How awkward is flirting?
I mean flirting sucks.Half of the time I don’t even know if I’m doing it right and then the other half of the time I don’t even know if I am actually flirting or if there is an eyelash in my eye and the batting is because my eye is trying to forcibly get it out.
Can we all take a second and recognize (or for all you taken friends remember) how awkward it is? Let’s have a moment of silence for how much of our embarrassment from ages 12 – age of death is due to flirting.
Why didn’t we have a class on this in high school or college? It could have been a requirement for all people past the age of puberty or it at least should have been an elective. Life Sciences: Flirting 101. Then Flirting 201: Flirting for grown ups or those who don’t get engaged in college.
It’s so tragic that I will even admit to you that I have both googled and searched on pinterest “how to flirt.” Some of the best advice I’ve gotten:
1. Make eye contact, then look away, then look back, smile, then look into his eyes
Are you kidding me? Why don’t I just walk up to a guy and say Hi you’re attractive. This whole look, look away, look again thing needs a choreographer and music to get right. No thanks.
2. Turn sideways in your chair, cross your legs, arch your back, and run your fingers through your hair.
I’m sorry are we in a Victoria’s Secret commercial? If I did that anywhere I might hurt myself or fall off the chair. And what if my hair is curly that day? I can’t run my fingers through it or it would stand up on end and I’d look like a lion!
3. Ask the dude next to you to tell you the story behind his tattoo.
Right because then I’ll retort wanna hear the story behind my Harry Potter tattoo? He’d jump back on his motorcycle so fast I’d have to call an officer to conduct a traffic stop for speeding.
4. Tell the hot guy at the gym that you’re impressed with his workout.
Sick. One if I’m at the gym I look like crap. The gym is not a place for makeup it’s a place to work and sweat. So that’s just when I want to approach someone when I’m sweating like pig and my face is all red.

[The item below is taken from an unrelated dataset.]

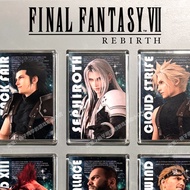 FF7 Final Fantasy 7 Acrylic Magnet Claude Safiros Collection Display Card Refrigerator Sticker Game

5. Go to a sports bar, sit next to a cute guy, and ask him who you should root for.
No. If I am at a sports bar I will already know who I am rooting for and I’m probably wearing a jersey for the team that will be winning. If he wants to out cheer me then so be it.
Let’s face it yall. I suck at flirting. It’s awkward and I’m awkward. How do you get through it? Should I just drink until I think I’m flirting fine or should I make him drink until he doesn’t think my eyelash twitching is normal?